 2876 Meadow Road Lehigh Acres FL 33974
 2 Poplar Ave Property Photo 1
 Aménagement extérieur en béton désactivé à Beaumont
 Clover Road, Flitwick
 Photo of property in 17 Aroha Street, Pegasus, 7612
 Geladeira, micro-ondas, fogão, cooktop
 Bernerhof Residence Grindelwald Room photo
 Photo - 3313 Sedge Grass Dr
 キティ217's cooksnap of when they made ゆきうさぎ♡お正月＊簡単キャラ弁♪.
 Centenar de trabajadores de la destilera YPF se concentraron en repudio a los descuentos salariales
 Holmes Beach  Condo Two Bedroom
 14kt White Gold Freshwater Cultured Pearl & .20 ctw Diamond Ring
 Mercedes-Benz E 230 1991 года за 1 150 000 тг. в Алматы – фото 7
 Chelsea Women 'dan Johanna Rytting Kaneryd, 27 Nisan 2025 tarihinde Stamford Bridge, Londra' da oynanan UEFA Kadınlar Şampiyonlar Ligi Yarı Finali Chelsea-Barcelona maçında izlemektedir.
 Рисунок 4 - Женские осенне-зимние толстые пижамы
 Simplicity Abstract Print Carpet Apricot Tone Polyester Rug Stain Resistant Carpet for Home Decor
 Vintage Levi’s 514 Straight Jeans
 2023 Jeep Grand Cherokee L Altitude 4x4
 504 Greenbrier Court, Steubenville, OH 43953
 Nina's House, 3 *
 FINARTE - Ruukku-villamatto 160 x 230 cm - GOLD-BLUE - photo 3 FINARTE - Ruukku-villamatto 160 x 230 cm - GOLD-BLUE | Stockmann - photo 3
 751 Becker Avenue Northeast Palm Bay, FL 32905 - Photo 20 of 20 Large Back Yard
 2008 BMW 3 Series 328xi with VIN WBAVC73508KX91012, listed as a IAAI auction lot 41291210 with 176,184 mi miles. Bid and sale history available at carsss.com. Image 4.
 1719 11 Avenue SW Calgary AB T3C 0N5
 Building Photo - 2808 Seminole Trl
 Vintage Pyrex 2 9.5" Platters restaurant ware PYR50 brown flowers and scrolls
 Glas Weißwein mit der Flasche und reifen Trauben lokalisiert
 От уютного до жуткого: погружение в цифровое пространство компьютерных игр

▶ **WHAT THE TASK REQUIRES**: The lines to set down, exactly and with both ends included, run from the one containing "751 Becker Avenue" to the last line of the data above.

▶ **ANSWER AREA**:
 751 Becker Avenue Northeast Palm Bay, FL 32905 - Photo 20 of 20 Large Back Yard
 2008 BMW 3 Series 328xi with VIN WBAVC73508KX91012, listed as a IAAI auction lot 41291210 with 176,184 mi miles. Bid and sale history available at carsss.com. Image 4.
 1719 11 Avenue SW Calgary AB T3C 0N5
 Building Photo - 2808 Seminole Trl
 Vintage Pyrex 2 9.5" Platters restaurant ware PYR50 brown flowers and scrolls
 Glas Weißwein mit der Flasche und reifen Trauben lokalisiert
 От уютного до жуткого: погружение в цифровое пространство компьютерных игр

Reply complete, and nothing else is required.